• **Directions for this task**
Could you print the stretch of lines below from the one with "#LTKHome #LTKBeauty #LTKGiftGuide" through the one with "Modern two-story concrete", exactly as they stand and without any pictures?

• **Dataset records**
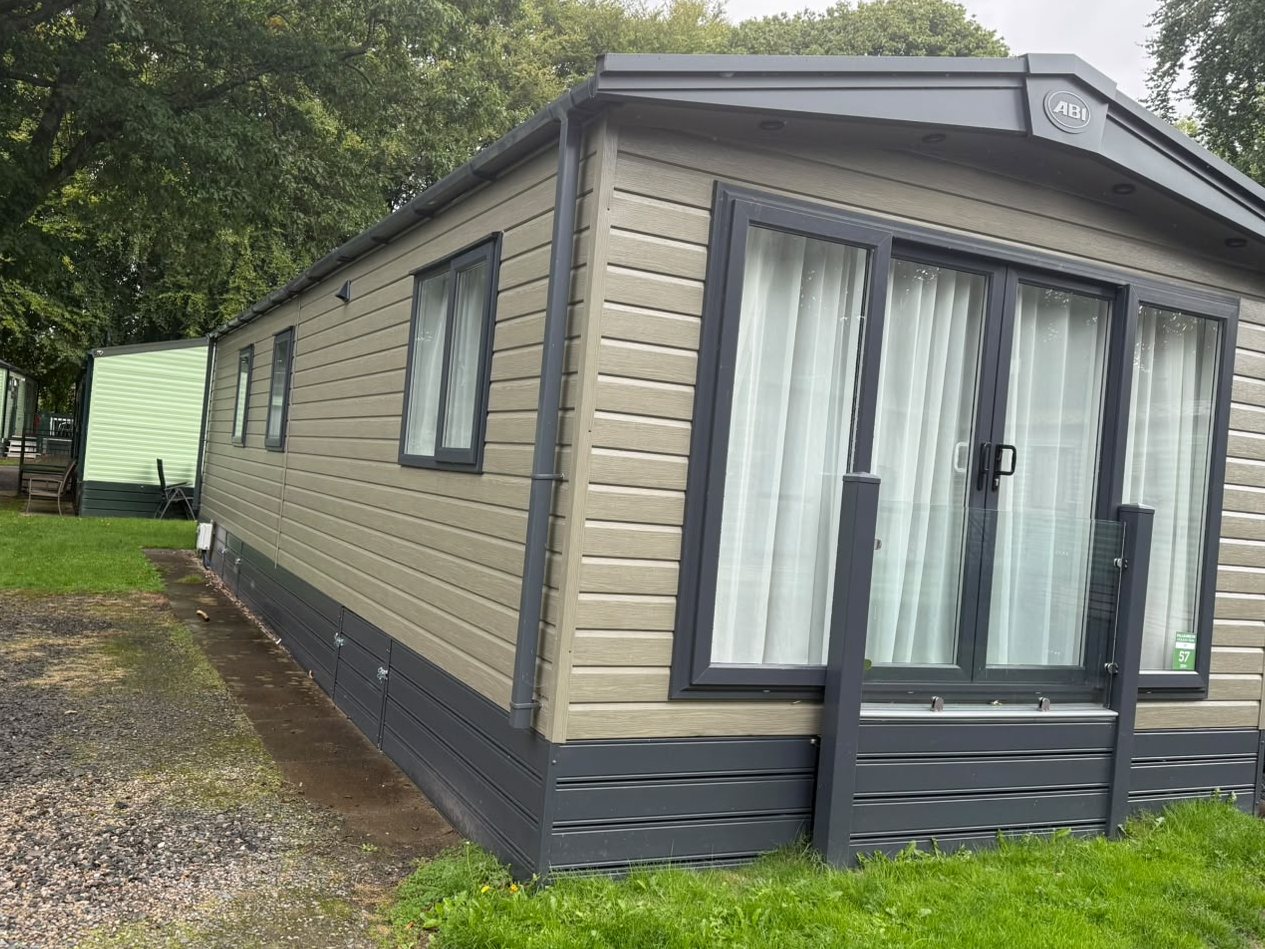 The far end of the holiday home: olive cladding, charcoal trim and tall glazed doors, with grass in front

--

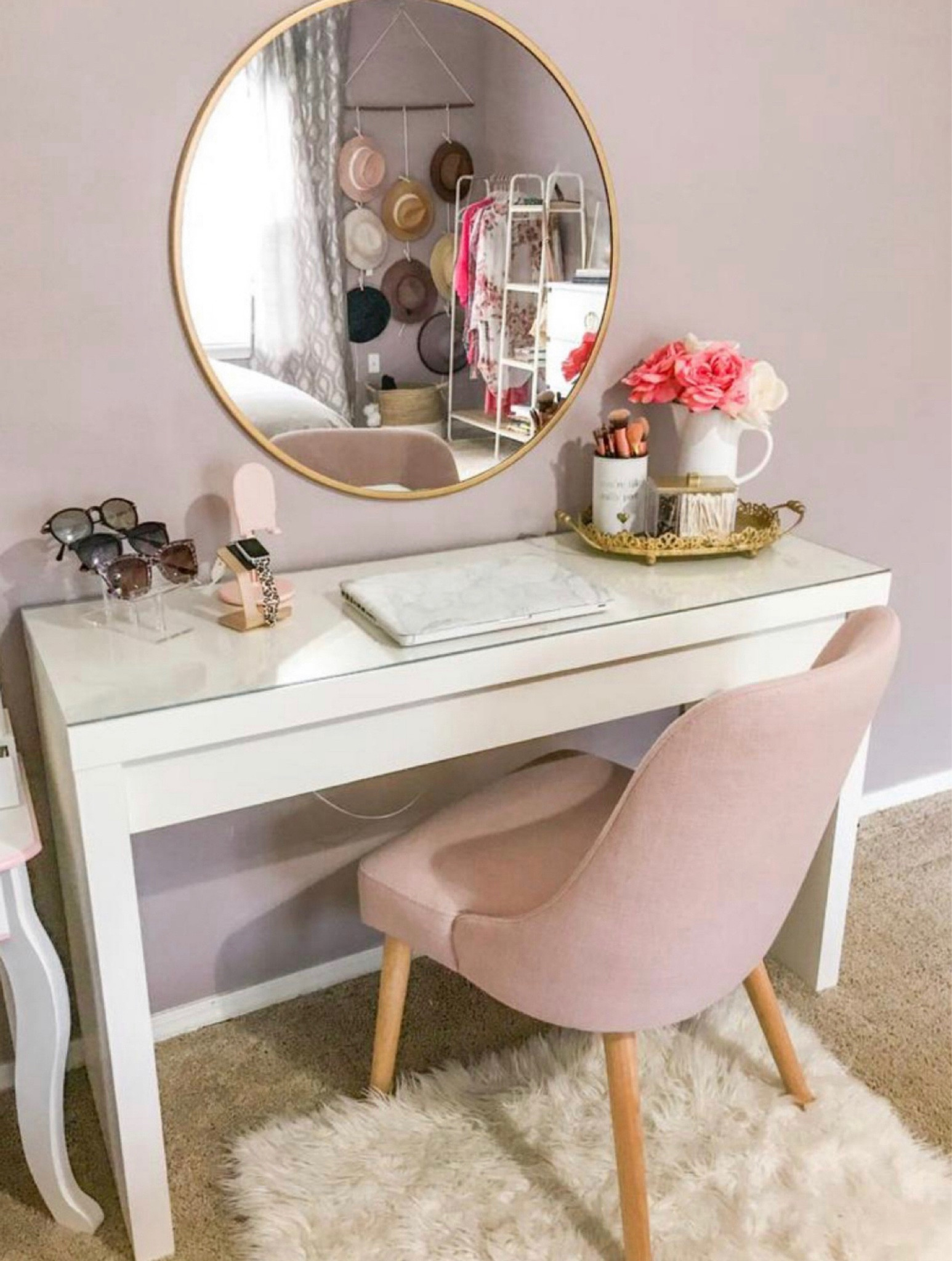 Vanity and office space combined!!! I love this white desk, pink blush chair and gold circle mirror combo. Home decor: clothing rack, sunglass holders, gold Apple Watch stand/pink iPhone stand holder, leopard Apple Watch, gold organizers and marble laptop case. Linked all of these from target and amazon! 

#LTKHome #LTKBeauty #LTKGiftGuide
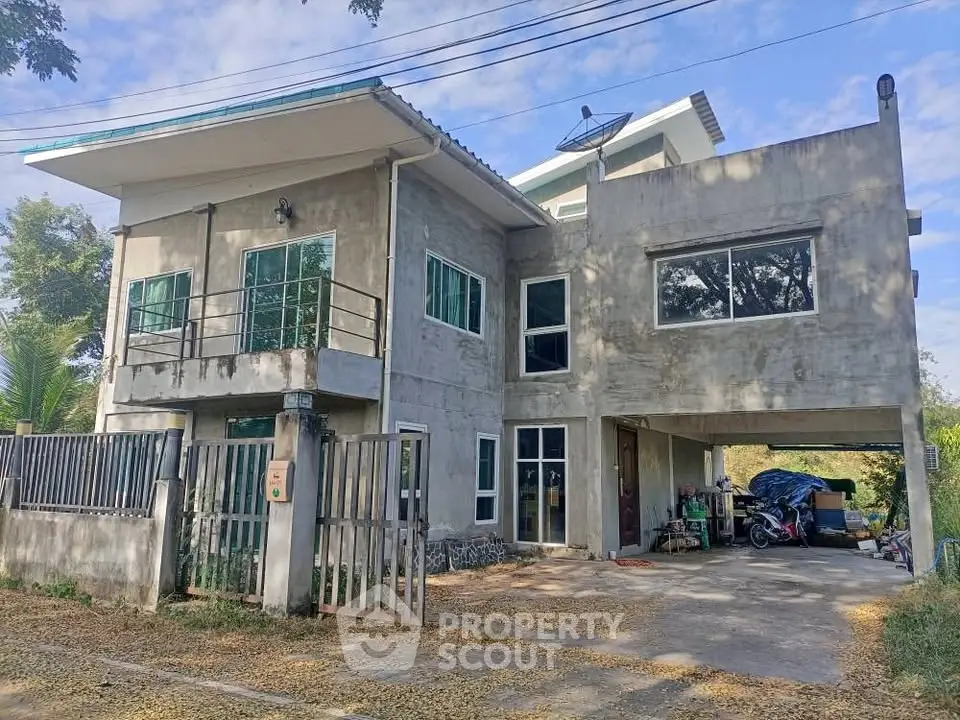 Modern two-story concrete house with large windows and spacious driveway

* * *

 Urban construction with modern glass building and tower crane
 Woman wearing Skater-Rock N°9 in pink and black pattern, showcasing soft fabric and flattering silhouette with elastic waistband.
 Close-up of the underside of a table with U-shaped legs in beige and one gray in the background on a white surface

• **Task result**
#LTKHome #LTKBeauty #LTKGiftGuide
 Modern two-story concrete house with large windows and spacious driveway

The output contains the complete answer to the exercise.